Study material:
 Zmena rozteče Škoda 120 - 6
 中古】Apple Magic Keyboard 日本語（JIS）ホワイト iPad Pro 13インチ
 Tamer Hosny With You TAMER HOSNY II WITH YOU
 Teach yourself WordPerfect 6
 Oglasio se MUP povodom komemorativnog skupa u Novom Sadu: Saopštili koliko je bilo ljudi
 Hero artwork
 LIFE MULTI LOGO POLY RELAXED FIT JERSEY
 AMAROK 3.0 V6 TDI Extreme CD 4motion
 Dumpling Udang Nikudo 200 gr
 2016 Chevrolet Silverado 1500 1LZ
...
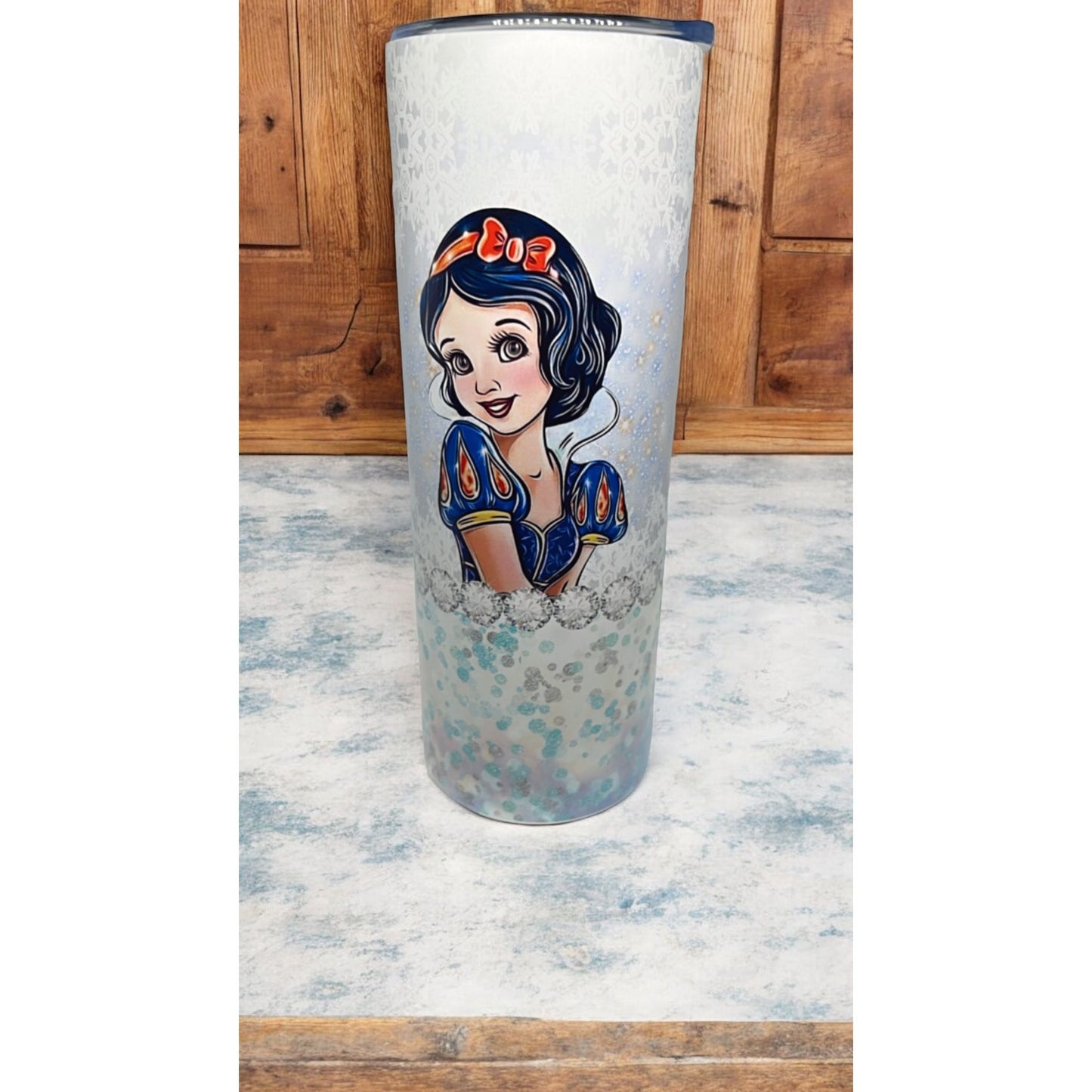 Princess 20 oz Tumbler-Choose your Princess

The problem:
Look above for the line holding "Teach yourself WordPerfect 6" and the line holding "2016 Chevrolet Silverado 1500 1LZ". Retype both, and every line between them, word for word and nothing else.

Reply to the task:
 Teach yourself WordPerfect 6
 Oglasio se MUP povodom komemorativnog skupa u Novom Sadu: Saopštili koliko je bilo ljudi
 Hero artwork
 LIFE MULTI LOGO POLY RELAXED FIT JERSEY
 AMAROK 3.0 V6 TDI Extreme CD 4motion
 Dumpling Udang Nikudo 200 gr
 2016 Chevrolet Silverado 1500 1LZ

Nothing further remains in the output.